Written By Unknown on Jumat, 13 Desember 2013 | 20.14

Sexism Row: Can Separate Be Equal?

Updated: 6:18pm UK, Wednesday 11 December 2013

By Tim Marshall, Foreign Affairs Editor

On Tuesday I spent much of the day watching the memorial service for Nelson Mandela, a human being who spent his life fighting against segregation.

It was International Human Rights Day. That evening I was driving through central London, noticed a small demonstration, a few photographers, and the glare of a TV camera light.

So I pulled over and joined perhaps 100 people outside the Universities UK (UUK) building. They also were demonstrating against segregation.

Last month, UUK published guidelines saying that if an external speaker at a university wanted to segregate men and women during a lecture, then that should be acceptable.

The National Union of Students (NUS) agreed that religious rights trumped women's rights to sit where they wish. Both organisations say that the decision is not discriminatory.

The report does not specify that if such a scenario ensued it would be because of a demand from a radical Muslim speaker or student group, but everyone knows that is what lies behind the guidelines and some of the speakers at the demonstration said they had been on the end of streams of abuse.

UUK have tangled themselves in knots trying to balance discriminating on religious grounds against discriminating on gender grounds, and end up arguing that because women would be seated one on side of a room, and not at the back of a room, therefore, they would not be discriminated against.

The strength of this argument could be tested if, instead of demanding that women sit in certain areas, a speaker demanded that gay people had to be removed from the midst of the audience.

It could be argued on religious grounds that homosexuality was so abhorrent to the speaker that they would only speak if gays were separated from the rest. I find it difficult to believe the UUK would issue guidelines saying that was acceptable.

So why is segregating women acceptable? The rationale appears to be to uphold deeply-held religious and cultural beliefs and thus those people's rights.

But as argued, if those deeply-held beliefs required gays or black people to sit to one side, they would be challenged, probably by the UUK, the NUS and a lot more than 100 people.

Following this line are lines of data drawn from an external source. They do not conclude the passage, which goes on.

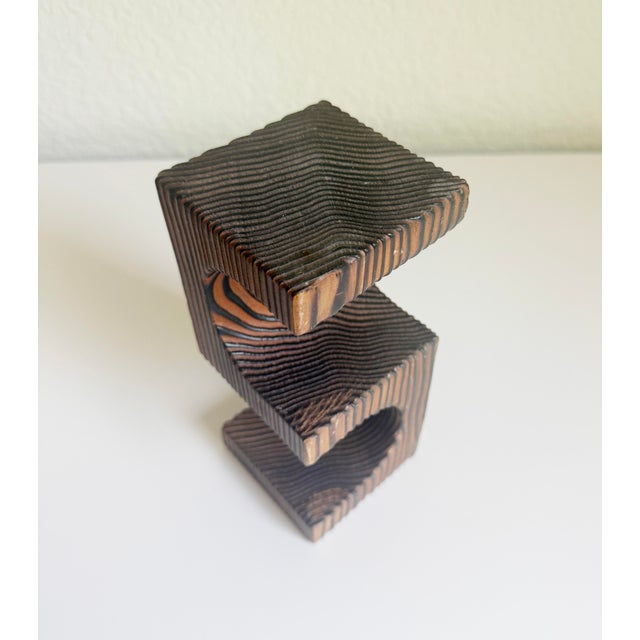 Shou Sugi Ban Abstract Wood Object, 1970s Japan For Sale - Image 4 of 10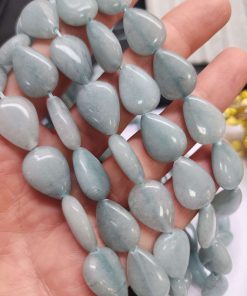 13x18 MM Damla Akuamarin Ceyt Kuvars Taşı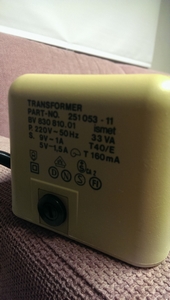 Non-repairable Power supply unit for the Commodore 64 (Part no. 251053-11) Read more on breadbox64.com). 
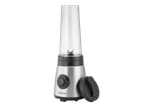 Liquidificador prateado Silvercrest® Smoothie-Maker com jarro transparente e tampa preta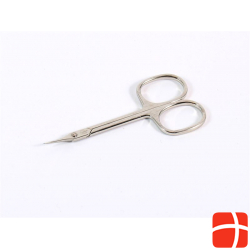 Maltese cuticle scissors curved 9cm No 4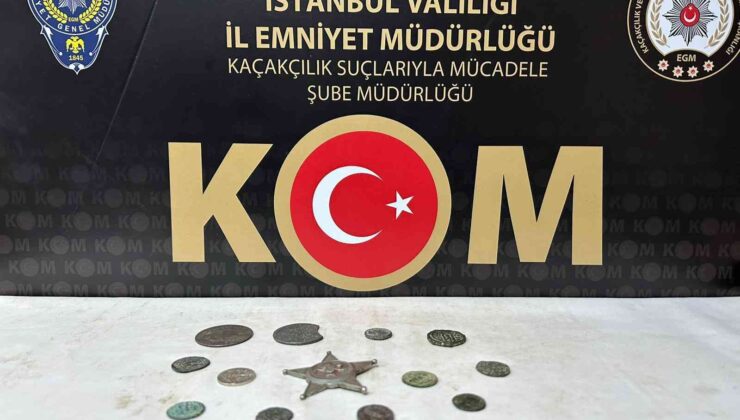 İstanbul’da tarihi eser operasyonu: 448 eser ele geçirildi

All this is hypothetical, you might say. But it is not. The Student Rights group has done research suggesting that gender separation has already occurred, or been called for, on about 50 occasions at 21 universities. More will follow.

At the rally the demonstrators were of the view that what they called abhorrent views were being accepted because the universities wanted to ensure they attracted enough fee-paying students from South Asia.

Mosques, synagogues and churches can have their own rules, but Britain's institutions of higher learning are supposed to be places for the free exchange of ideas for all. Ideas based on a fear of women's sexuality could indeed be part of that, but if they are to be discussed, surely it should be on an equal basis without segregation.

That argument accepts that the mixing of the sexes is a positive thing and part of freedoms won over centuries, which are indeed the overwhelming views prevalent in the UK, and a right enshrined in law. But the UUK and the NUS are pushing the other way.

"Separate but equal" was the lie the South African apartheid regime pedalled for decades. Only the stupid and the bigoted ever bought it. Mr Mandela never did.